As if I didn't have enough drama going on last week due to the offer that was made on my house, my homeowner's association decided to add a little more. I got a letter from the HOA Saturday in the mail that told me I had violated the covenants by having a for sale sign in my front yard. Even though the sign has been there for 10 months and one-half to two-thirds of the houses in this neighborhood have had similar signs up over the last two years, the HOA ordered me to remove the sign within seven days, or they would remove it for me and access me a $150 fine.To say I was livid was an understatement. I called the number in the letter, and, of course, no one answered so I left a not-so-nice message on the management company's voice mail. I then dragged out the covenants and read the section regarding signs. According to the section, the declarant may put a for sale sign on the property without first seeking the HOA's permission. You or your bank may also put one when the house is in foreclosure or you're trying to do a deed in lieu of foreclosure.
The way the covenants read led me to believe that I was the declarant so I called and left a second message to that effect. Those messages were returned by a snarky little thing who informed me that I was not the declarant; the builder was. She also refused to tell me why I was being the one singled out; that is, why the HOA had not made anyone else remove their signs, why they didn't say something 10 months ago, and why they haven't done anything about the numerous other violations that have dragged the value of my property down (e.g., the car that was up on blocks for two years, the window fans, the weeds up to my waist, the dog feces in my mailbox, etc.).
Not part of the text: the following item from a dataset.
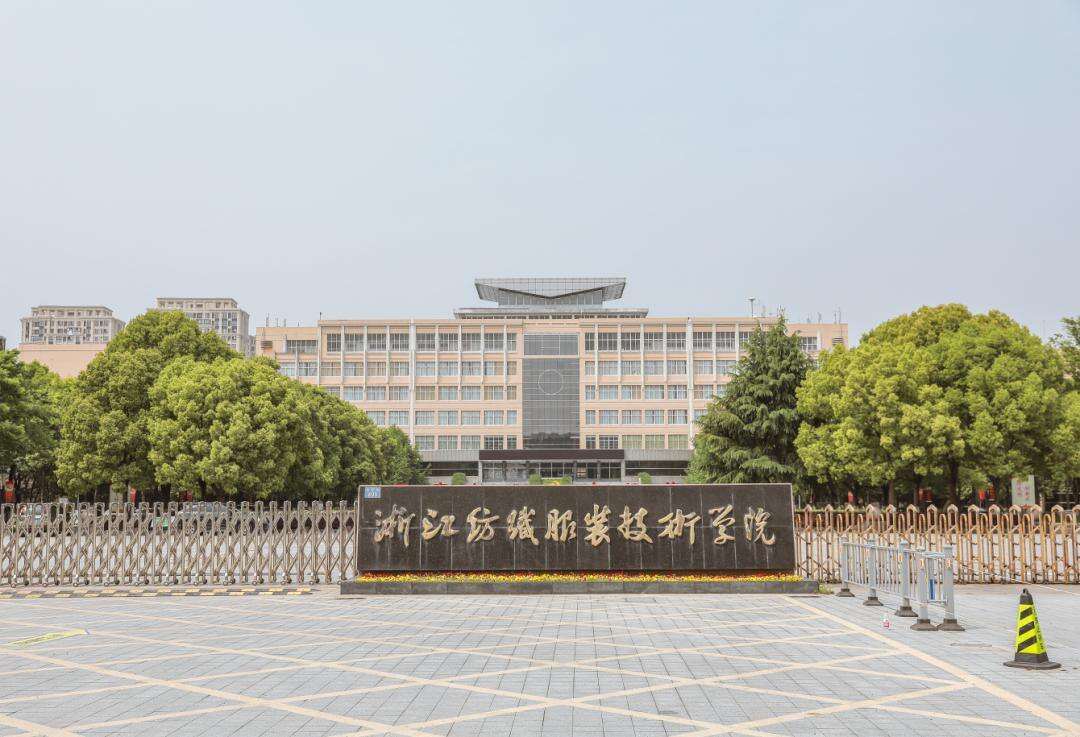 浙江纺织服装职业技术学院：聚焦“双师型”教师培养 提升教育教学质量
She just told me I had to remove it or pay the consequences. Furthermore, if I applied for permission to display it, the HOA had every right to wait 30 days before looking at my request and to deny it outright.
I don't have $150 to waste on a freakin' sign so I took it and my ADT sign, which wasn't mentioned in the letter but would still fall under that section, down yesterday. I put them in the garage, but there was a much darker place that I would have liked to put them, if you catch my drift.
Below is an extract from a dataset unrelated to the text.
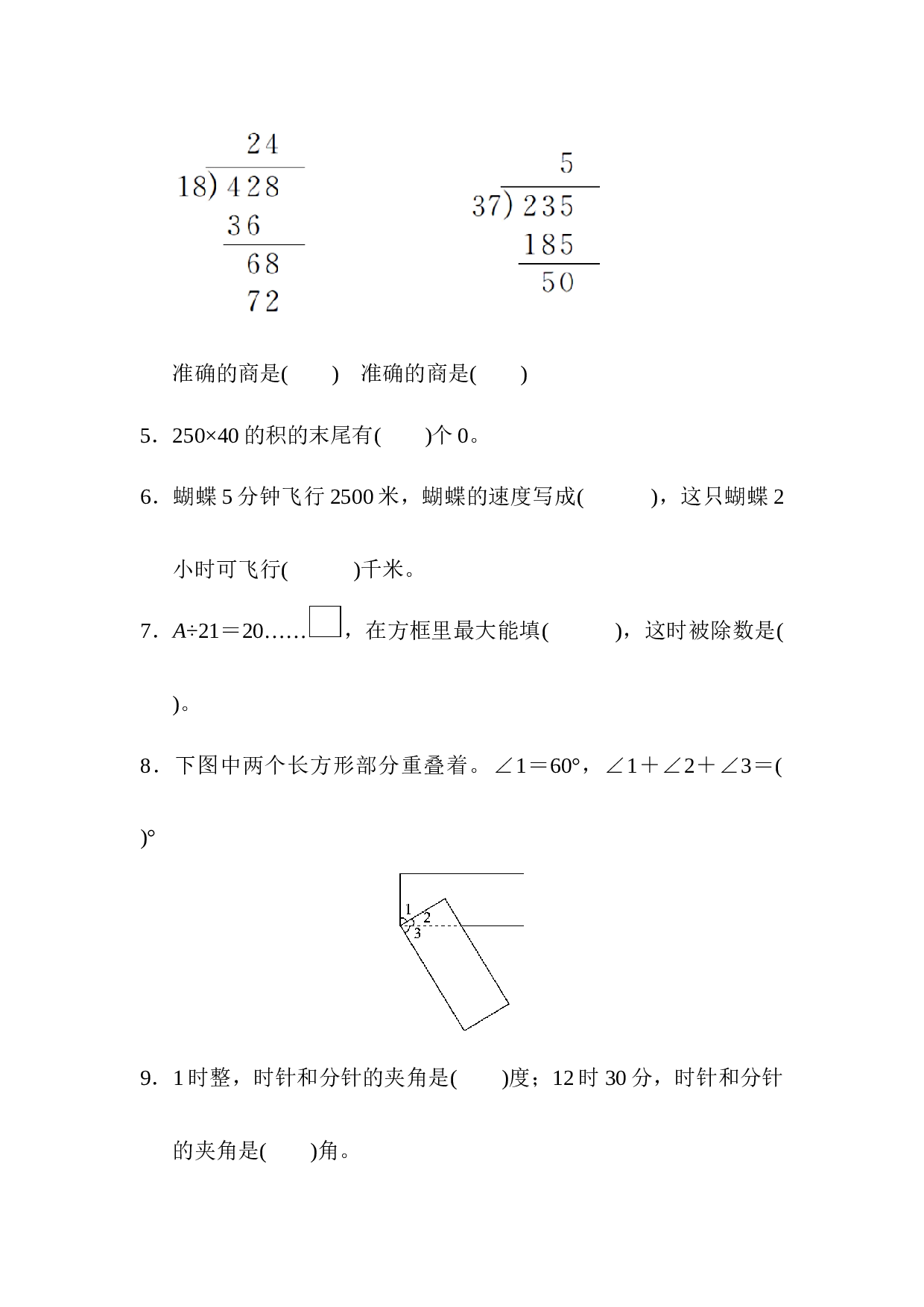 北师大版4年级数学上册期末检测卷3.docx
What gets me, other than the random enforcement of the covenants, is that the state of this neighborhood is the very reason I can't sell my house. I can't get anyone, including the people who were supposed to see it Saturday, to get past the driveway because the neighborhood has gone down that badly in the last five years. Meanwhile, I'm one of the few people who actually upkeeps her property. I plant flowers. I put out fresh pine straw twice a year. I pick up those little brats' trash. On top of that, I'm trying to sell my house before it becomes yet one more vacant, foreclosed property that drags down the property values that much further, but I'm the one they choose to single out. I'm the one who has to take down her for sale sign. I'm the one whose pool of potential buyers has been reduced that much further.
Now I'd understand if I lived near the country club in a home worth $500,000 to $1 million, but I don't. I'm so far from the country club that it's not even funny. I can't even get someone to pay $70,000 for this house for the reasons already mentioned. So the HOA seriously wants to tell me that my for sale sign is detracting from the beauty of this neighborhood? Seriously? What beauty? Please, somebody point it out to me because I haven't seen any beauty in years.
Since Saturday, I have been asking myself, "Why me?" The only answers that I can come up with have to do with the neighbors from hell, the ones who have made the last four years of my life completely miserable. Either their out-of-control, foul-mouthed monsters kicked the sign--it would explain why it was leaning last week--and hurt their precious toes so their parents reported me--who cares that they had to be trespassing once again to be kicking the sign or that the pure act of kicking it is a criminal offense--or the parents got brought up on a violation and automatically assumed that I was the one who reported them. Every time they get reported for something, I hear the little brats outside blaming me. I can say I didn't do it until I'm blue in the face, but they're still going to blame me. It's just one more reason that, one way or the other, I have got to get out of this neighborhood.